> **What is expected**:
Each line of the entries that contains the word "necklace" adds one. Reply with the resulting number only.

==== Exercise input

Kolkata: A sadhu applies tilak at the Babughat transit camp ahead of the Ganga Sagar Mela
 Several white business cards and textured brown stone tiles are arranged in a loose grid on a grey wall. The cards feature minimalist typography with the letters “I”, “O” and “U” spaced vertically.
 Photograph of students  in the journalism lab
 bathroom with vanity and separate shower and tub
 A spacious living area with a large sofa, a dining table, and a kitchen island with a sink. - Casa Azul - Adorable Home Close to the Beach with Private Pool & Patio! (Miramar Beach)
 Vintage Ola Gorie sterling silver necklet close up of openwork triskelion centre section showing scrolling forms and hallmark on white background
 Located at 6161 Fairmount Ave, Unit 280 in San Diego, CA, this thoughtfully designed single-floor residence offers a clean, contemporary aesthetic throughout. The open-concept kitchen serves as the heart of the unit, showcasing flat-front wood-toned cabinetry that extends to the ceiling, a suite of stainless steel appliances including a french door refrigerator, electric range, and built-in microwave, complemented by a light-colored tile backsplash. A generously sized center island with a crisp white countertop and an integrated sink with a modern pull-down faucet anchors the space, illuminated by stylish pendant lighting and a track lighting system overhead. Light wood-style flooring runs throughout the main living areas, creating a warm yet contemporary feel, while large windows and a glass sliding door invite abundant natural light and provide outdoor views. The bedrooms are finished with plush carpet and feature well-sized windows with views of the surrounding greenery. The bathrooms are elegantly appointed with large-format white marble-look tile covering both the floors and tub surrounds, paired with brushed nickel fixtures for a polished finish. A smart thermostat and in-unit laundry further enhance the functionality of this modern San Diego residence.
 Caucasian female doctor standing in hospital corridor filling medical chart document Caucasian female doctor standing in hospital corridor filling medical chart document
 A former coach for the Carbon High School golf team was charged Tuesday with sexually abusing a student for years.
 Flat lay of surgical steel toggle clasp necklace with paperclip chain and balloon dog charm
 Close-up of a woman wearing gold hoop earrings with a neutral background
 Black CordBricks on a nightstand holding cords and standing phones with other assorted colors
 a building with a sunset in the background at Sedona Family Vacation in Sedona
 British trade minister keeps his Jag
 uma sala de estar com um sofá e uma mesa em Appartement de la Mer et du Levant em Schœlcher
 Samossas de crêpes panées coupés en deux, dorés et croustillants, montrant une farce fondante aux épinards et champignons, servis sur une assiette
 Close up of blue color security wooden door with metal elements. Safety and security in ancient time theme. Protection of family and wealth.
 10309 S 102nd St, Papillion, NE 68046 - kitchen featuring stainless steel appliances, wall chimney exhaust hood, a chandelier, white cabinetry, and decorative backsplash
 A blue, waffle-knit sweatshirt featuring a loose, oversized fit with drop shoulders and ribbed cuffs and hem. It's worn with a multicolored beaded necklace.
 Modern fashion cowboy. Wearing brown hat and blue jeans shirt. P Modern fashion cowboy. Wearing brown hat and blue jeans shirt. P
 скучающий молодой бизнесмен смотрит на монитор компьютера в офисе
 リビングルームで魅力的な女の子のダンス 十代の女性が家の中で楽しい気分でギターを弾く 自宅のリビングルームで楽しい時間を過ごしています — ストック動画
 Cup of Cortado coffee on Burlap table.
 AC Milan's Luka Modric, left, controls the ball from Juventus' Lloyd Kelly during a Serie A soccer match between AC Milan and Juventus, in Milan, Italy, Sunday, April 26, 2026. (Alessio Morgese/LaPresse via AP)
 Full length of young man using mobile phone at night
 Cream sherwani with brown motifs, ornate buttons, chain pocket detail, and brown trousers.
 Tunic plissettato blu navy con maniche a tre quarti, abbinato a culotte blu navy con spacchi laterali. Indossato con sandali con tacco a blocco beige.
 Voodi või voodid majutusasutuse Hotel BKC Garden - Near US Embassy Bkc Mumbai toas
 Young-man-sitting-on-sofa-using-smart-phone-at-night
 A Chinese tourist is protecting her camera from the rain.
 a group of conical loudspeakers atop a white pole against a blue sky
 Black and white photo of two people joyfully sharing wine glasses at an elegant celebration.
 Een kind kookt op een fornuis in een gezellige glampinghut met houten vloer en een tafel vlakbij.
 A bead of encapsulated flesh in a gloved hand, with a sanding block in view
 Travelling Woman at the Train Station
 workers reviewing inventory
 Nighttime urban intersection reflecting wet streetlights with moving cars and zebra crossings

========

> **Solution for this exercise**:
2